When asked directly, many of the current candidates agree the civil service should be cut. But, given that 3,000 Caymanian civil servants equate to 3,000 voters, not counting their family members, candidates are understandably coy about eliminating the jobs of Caymanian civil servants.  

During a March forum at University College of the Cayman Islands, Cabinet minister Mark Scotland, a People’s National Alliance candidate for Bodden Town, said government has both a revenue and expenditure problem. “At present, in the current economic climate it is very difficult to cut Caymanian bodies from the civil service to go find jobs that do not exist in the private sector,” he said. 

West Bay independent Tara Rivers in turn argued there is plenty of waste and inefficiency in the government budget that can be cut without having Caymanians lose their jobs.  

George Town United Democratic Party candidate Jonathan Piercy said he supports “right-sizing” the civil service by enhancing areas of government that bring in revenue and retraining civil servants to fill other roles, for example.  

At the Chamber of Commerce Forum in East End on Monday, 8 April, independent candidate John McLean Jr. said he also supported reducing the civil service. “Definitely, we have this elephant and it’s only getting bigger.” But, he went on, stating a reduction should not apply to locals – it would have to be people on contracts from overseas.  

Arden McLean, independent candidate in East End, retorted saying he believed the number of civil servants who were foreigners was less than 10 per cent. He didn’t see how the civil service could lose employees except through attrition. He supported selling such things as the Turtle Farm. “We need to make government more efficient and introduce more technology,” he said. But civil servants must do their job: “A day’s work for a day’s pay”. 

Speaking at the UCCI candidate forum in March, George Town independent Stefan Baraud said he also in favour of privatising certain money-losing entities to improve government finances. “Government should not be in the business – it should not be in business, period. It’s there to provide a service. It should not be in the business of the Turtle Farm, for example,” Mr. Baraud said. In addition, he supports reviewing the salaries of all ministers. 

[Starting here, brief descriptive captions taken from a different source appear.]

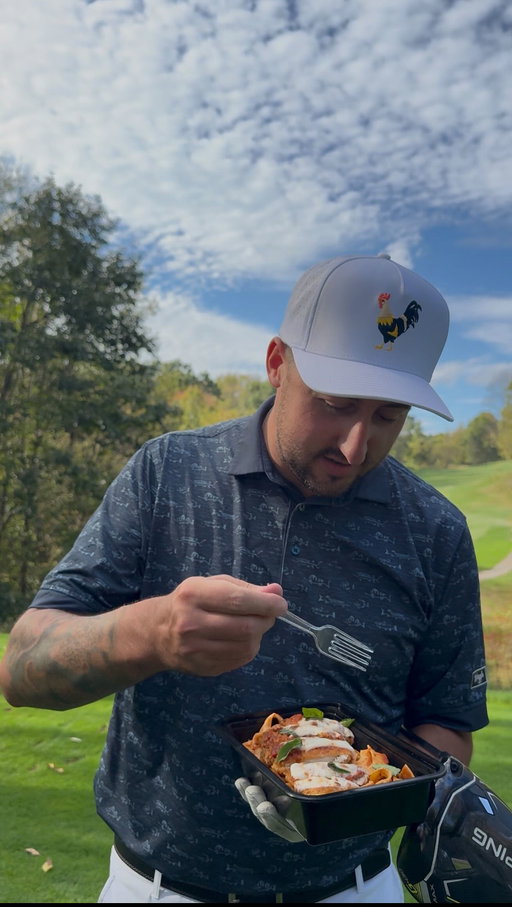 Chicken Parm ON the Golf Course?! Yep, that’ll do 🤌🔥🍝 
Be sure to use code PETERSPASTA to save on all your gear from @getyourwaggleon ! 
.
.
.
#peterspasta #getyourwaggleon #golf #pasta #instafood #cooking #golfing #tasty #foodstagram #golfer #food #foodie #foodies #eeeeeats #recipe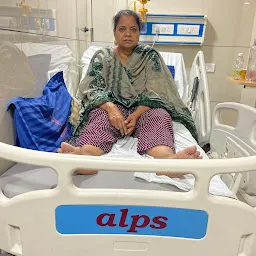 Hunjan Hospital: Orthopedic Doctor, Knee Replacement Surgery in Ludhiana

The Government building where many civil servants work. Photo: File


  1. The public sector is too large. It can only be trimmed by MLA’s. MLA’s are elected by Caymanians, many of which civil servants. No civil servant would vote for a candidate who vows to cut his job. So none of the MLA’s who are elected will cut public sector jobs. Kind of a catch-22 situation, isn’t it?
    I can see two solutions: 1. A binding agreement by all parties and candidates to reduce the civil service’s size by so many % over the next few years. This should happen before election day, and it would keep this issue out of the campaign as no candidate could gain any votes by keeping the goverment’s size.
    2. Given that current public employees’ salaries are only the tip of the iceberg, and that free healthcare and especially their pension benefits will cause a fiscal hurricane for the next generation, a voluntary termination scheme should be put in place. Every government employee who gives up his job could be entitled to an increased severance pay. True, this would cause some additional costs in the short term, but these would be far outweighed by savings in pension payments later on. Remember, the government’s future pension liabilities are not properly accounted for, but can only be estimated. Haven’t I read a figure of nearly 800 million the other day? Am I the only one who is scared?

  2. One relatively simple cut that could be imposed would be to impose the retirement age limit. The CS is full of people well past retirement age, collecting pension and salary, and blocking advancement and recruitment of younger Caymanians.